THE DATA Start Marker
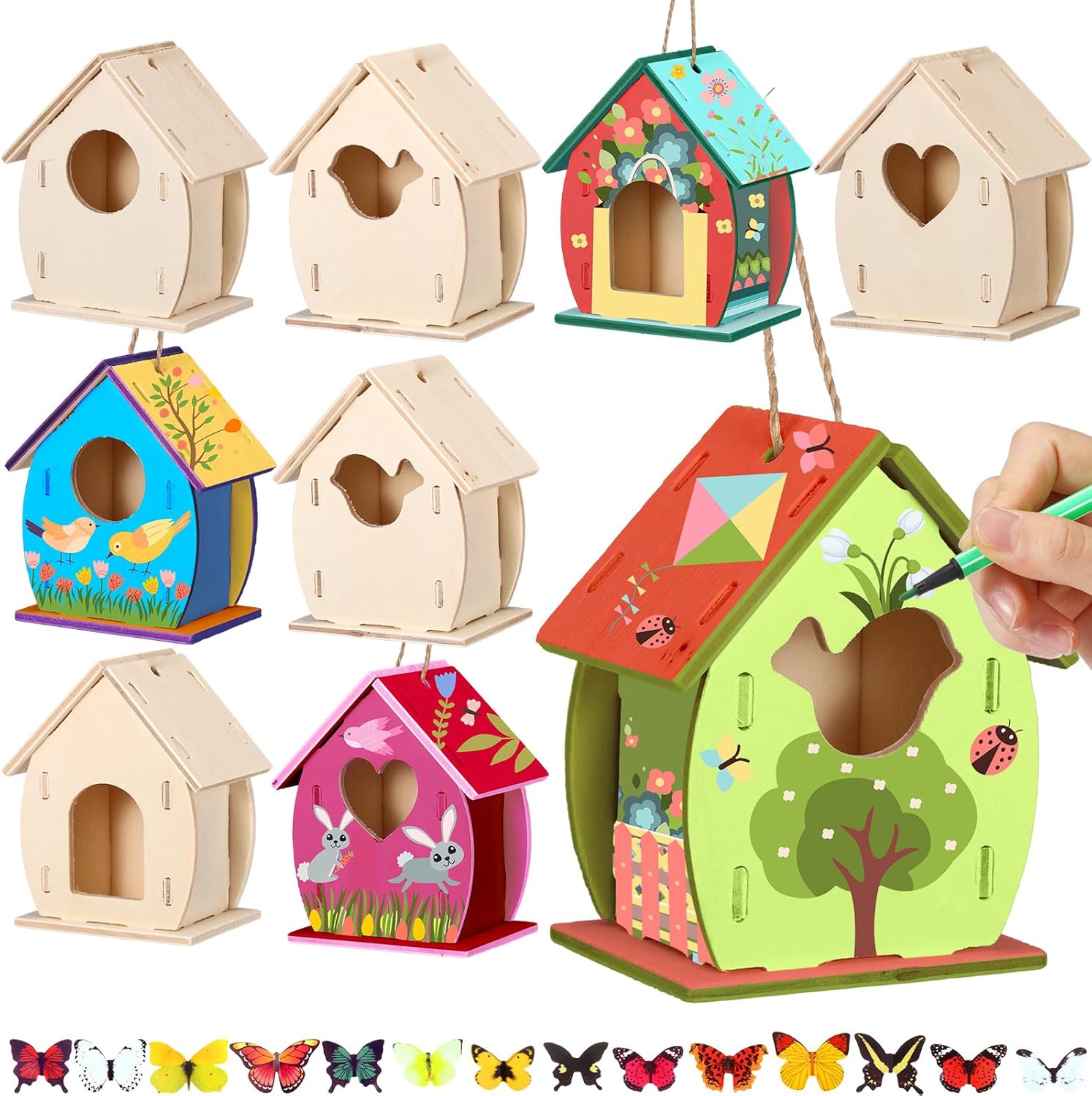 Outus 12 Pcs 5 × 7 Inch DIY Wooden Birdhouse Kit for Kids, Art Painting Bird House Craft Kit Unfinished Bird House Craft for Easter, Kids with Butterfly Sticker Gift 4 Shapes Summer Arts (Exquisite)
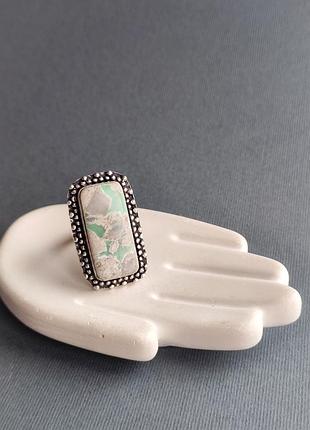 Кільце натуральний варісцит багет. варисцит перстень. каблучка з варісциту. розмір 18. індія.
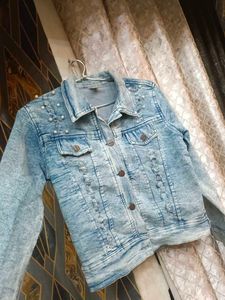 Pearl Embellished Denim Jacket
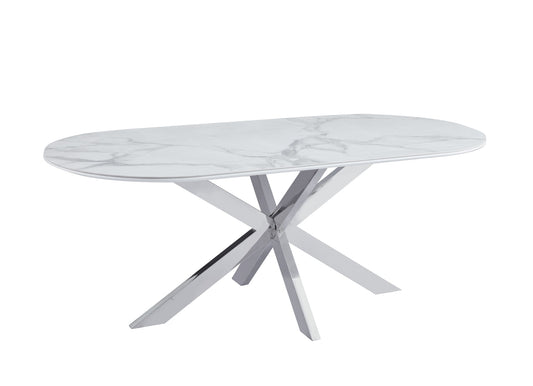 TABLE REPAS MANON PIED CHROME PLATEAU CERAMIQUE MARBRE BLANC 200x100cm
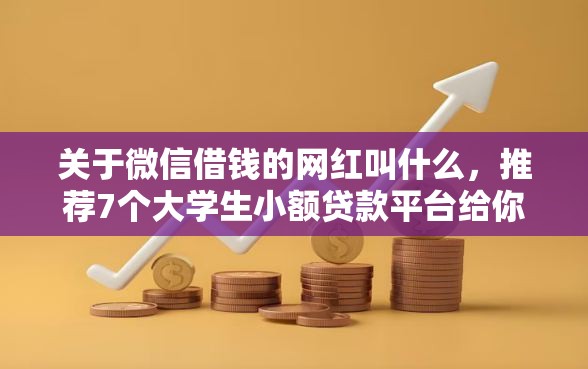 关于微信借钱的网红叫什么，推荐7个大学生小额贷款平台给你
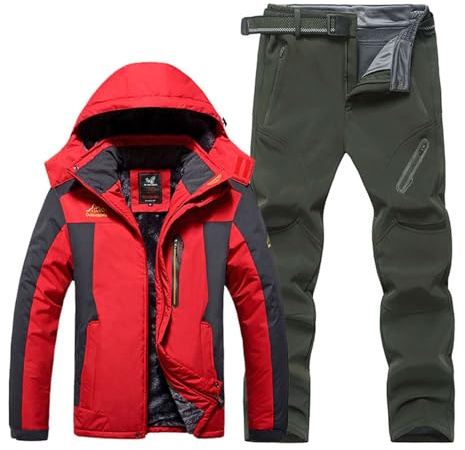 Skianzug Herren 2 Teilig Wasserdicht Warm Ski Anzug Männer Winter Kombi Winddicht Skibekleidung Schneeanzug Gefüttert Thermo Skijacke Skihose Outfit Atmungsaktiv Outdoor Snowboard Ausrüstung Snowsuit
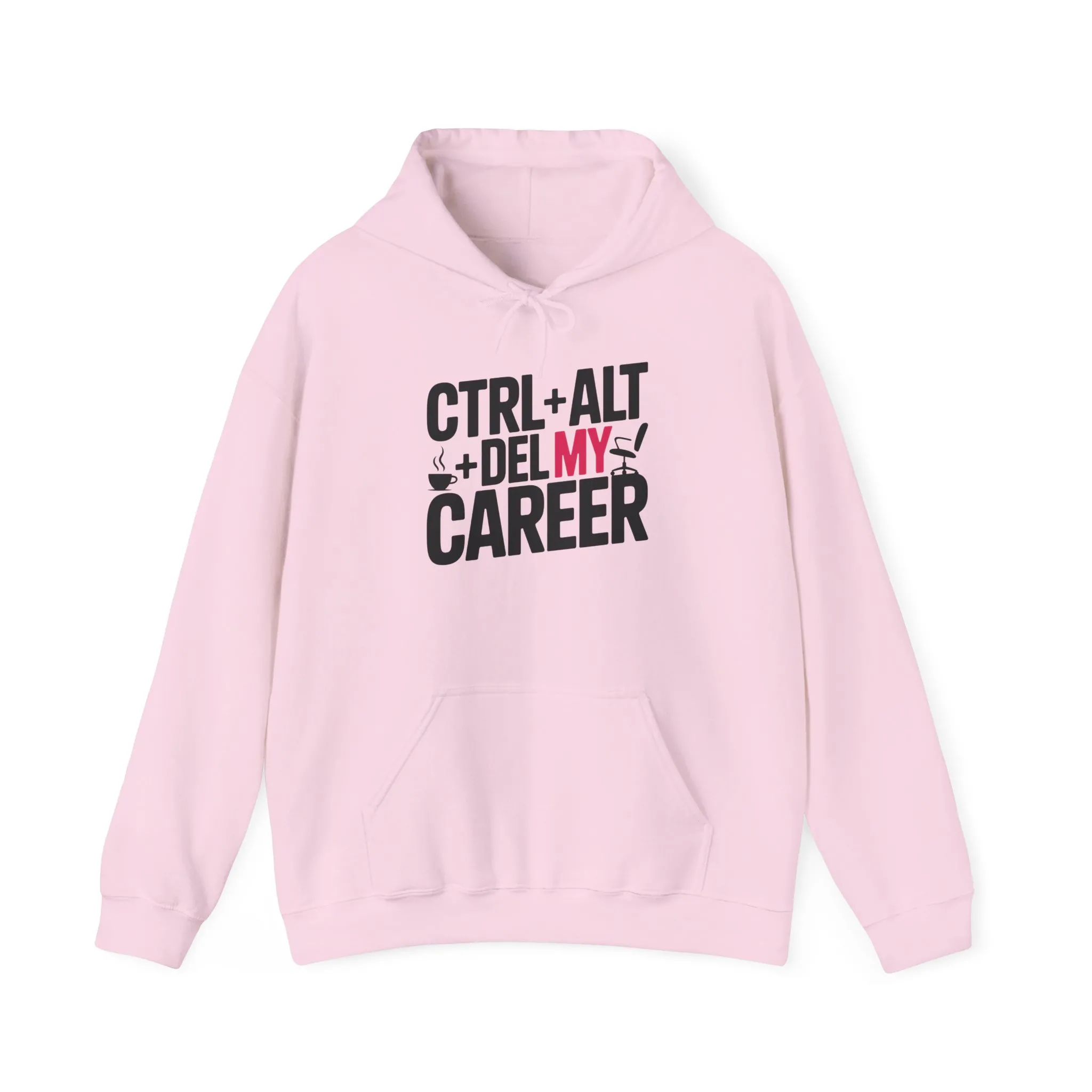 Ctrl Alt Del My Career Hoodie, Funny Geek Workwear, Sarcastic Office Humor Pullover, Women's Heavy Blend™ Hooded Sweatshirt - Image 3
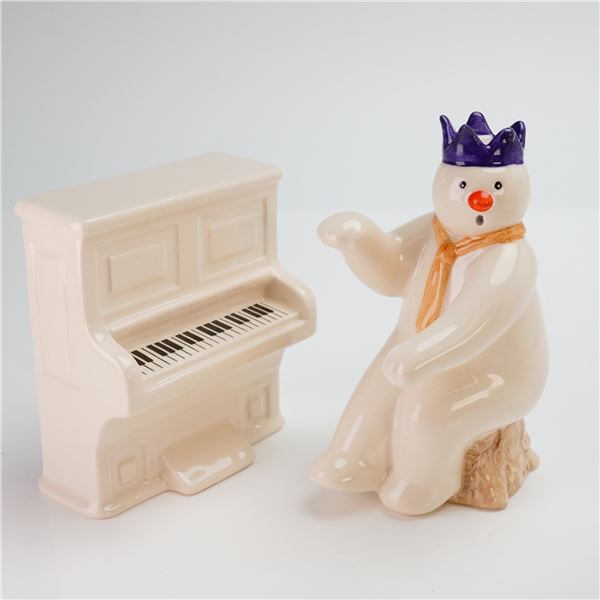 2pc Royal Doulton The Snowman Gift Collection Figurine with Piano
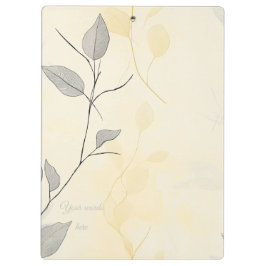 Carpeta De Pinza Create Your Own Gray Yellow Floral Minimalist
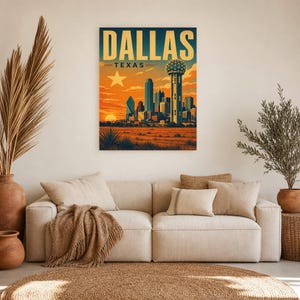 Dallas Travel Poster | Vintage Reunion Tower Skyline Print | Texas Wall Art Print | Mid Century City Decor image 6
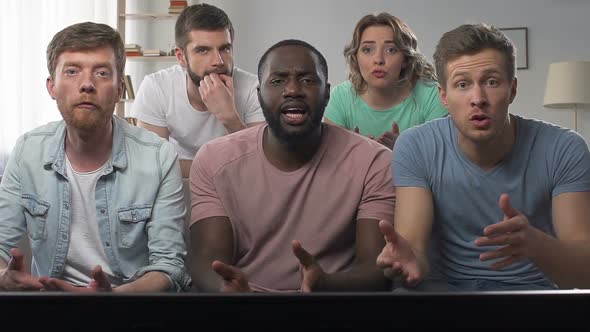 Sport Fans Watching Decisive Moment of Game, Commenting, Happy for Victory alt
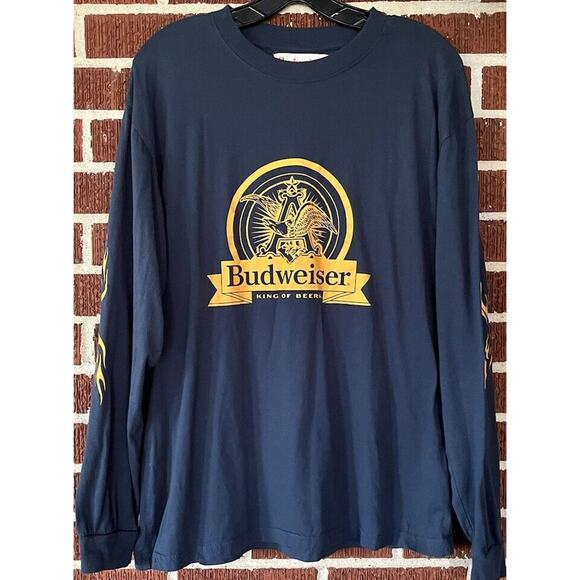 Pacsun’s Men’s Blue Budweiser Long Sleeve T-Shirt Size Large - Picture 1 of 4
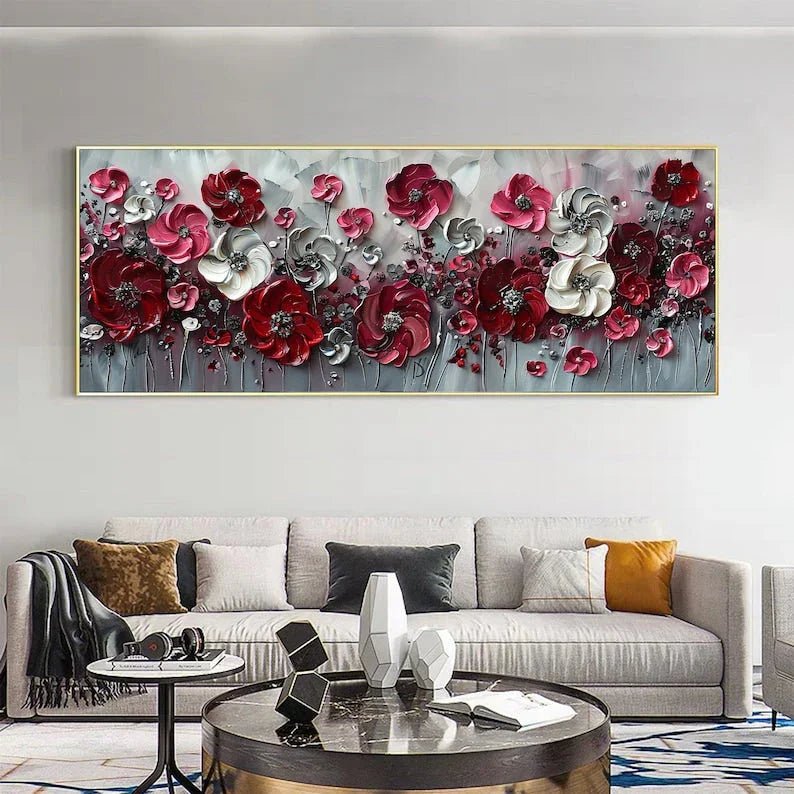 Abstract Red Flower Landscape Painting on Canvas, Extra Large Wall Art Original Texture Floral Wall Art Retro Wall Art Living Room Decor Online - All India Decor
THE DATA End Marker
> _WHAT TO WORK ON_:
The records above should be returned exactly, with only their pictures held back.

> _YOUR RESPONSE_:
 Outus 12 Pcs 5 × 7 Inch DIY Wooden Birdhouse Kit for Kids, Art Painting Bird House Craft Kit Unfinished Bird House Craft for Easter, Kids with Butterfly Sticker Gift 4 Shapes Summer Arts (Exquisite)
 Кільце натуральний варісцит багет. варисцит перстень. каблучка з варісциту. розмір 18. індія.
 Pearl Embellished Denim Jacket
 TABLE REPAS MANON PIED CHROME PLATEAU CERAMIQUE MARBRE BLANC 200x100cm
 关于微信借钱的网红叫什么，推荐7个大学生小额贷款平台给你
 Skianzug Herren 2 Teilig Wasserdicht Warm Ski Anzug Männer Winter Kombi Winddicht Skibekleidung Schneeanzug Gefüttert Thermo Skijacke Skihose Outfit Atmungsaktiv Outdoor Snowboard Ausrüstung Snowsuit
 Ctrl Alt Del My Career Hoodie, Funny Geek Workwear, Sarcastic Office Humor Pullover, Women's Heavy Blend™ Hooded Sweatshirt - Image 3
 2pc Royal Doulton The Snowman Gift Collection Figurine with Piano
 Carpeta De Pinza Create Your Own Gray Yellow Floral Minimalist
 Dallas Travel Poster | Vintage Reunion Tower Skyline Print | Texas Wall Art Print | Mid Century City Decor image 6
 Sport Fans Watching Decisive Moment of Game, Commenting, Happy for Victory alt
 Pacsun’s Men’s Blue Budweiser Long Sleeve T-Shirt Size Large - Picture 1 of 4
 Abstract Red Flower Landscape Painting on Canvas, Extra Large Wall Art Original Texture Floral Wall Art Retro Wall Art Living Room Decor Online - All India Decor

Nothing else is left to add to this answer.